Crawled caption data
========
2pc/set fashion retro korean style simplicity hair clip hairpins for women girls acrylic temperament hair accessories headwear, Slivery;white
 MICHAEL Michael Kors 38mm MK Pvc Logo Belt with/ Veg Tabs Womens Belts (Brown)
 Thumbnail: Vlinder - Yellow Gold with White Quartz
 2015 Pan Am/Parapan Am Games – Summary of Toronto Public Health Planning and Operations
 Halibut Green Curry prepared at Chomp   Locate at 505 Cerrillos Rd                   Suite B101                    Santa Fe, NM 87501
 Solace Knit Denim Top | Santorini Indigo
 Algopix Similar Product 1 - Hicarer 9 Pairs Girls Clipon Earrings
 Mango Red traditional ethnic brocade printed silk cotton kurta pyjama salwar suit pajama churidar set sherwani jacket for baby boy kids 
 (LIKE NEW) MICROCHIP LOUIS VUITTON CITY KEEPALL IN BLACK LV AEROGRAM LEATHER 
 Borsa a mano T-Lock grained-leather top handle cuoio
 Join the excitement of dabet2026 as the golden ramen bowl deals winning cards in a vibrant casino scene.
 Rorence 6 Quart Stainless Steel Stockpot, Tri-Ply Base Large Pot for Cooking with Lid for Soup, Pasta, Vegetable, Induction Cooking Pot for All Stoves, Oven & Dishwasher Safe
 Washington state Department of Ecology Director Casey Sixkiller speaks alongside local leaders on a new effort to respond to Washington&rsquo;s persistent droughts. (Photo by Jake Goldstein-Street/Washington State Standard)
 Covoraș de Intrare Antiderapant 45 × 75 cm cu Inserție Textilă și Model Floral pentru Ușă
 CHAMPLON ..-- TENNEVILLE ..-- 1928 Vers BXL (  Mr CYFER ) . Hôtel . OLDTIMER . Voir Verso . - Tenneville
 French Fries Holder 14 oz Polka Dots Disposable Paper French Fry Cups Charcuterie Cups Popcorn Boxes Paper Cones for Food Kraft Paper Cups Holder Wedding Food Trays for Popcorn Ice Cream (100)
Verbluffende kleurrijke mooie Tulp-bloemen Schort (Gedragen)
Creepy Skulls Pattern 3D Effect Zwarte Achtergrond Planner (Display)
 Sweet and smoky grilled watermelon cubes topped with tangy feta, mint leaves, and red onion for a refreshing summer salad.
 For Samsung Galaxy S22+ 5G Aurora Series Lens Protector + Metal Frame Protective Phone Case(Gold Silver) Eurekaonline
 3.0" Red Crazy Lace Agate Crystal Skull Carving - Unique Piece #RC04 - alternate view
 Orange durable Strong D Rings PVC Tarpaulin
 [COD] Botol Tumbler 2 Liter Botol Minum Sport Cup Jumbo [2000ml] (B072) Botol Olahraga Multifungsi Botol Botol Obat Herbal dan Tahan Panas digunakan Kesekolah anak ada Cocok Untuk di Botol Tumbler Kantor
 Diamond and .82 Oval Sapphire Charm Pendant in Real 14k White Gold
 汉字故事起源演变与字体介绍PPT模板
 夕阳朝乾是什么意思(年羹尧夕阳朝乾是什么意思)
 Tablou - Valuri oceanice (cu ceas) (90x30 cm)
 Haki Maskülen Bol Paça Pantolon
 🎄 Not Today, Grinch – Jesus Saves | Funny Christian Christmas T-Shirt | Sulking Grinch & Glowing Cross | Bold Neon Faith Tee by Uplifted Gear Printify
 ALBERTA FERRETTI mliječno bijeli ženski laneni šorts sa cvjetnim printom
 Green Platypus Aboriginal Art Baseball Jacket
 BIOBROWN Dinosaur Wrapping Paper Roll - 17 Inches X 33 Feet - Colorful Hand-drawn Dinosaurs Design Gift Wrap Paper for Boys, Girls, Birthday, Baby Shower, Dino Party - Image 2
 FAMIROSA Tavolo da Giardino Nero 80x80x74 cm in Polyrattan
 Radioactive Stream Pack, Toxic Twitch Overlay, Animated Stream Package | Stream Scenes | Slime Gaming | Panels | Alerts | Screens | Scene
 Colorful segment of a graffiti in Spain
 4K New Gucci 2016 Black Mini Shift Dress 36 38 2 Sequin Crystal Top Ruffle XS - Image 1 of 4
========
What you are asked to do: Only a number is expected in response: how many lines of the records above include the word "Colorful".

Output for this exercise: 2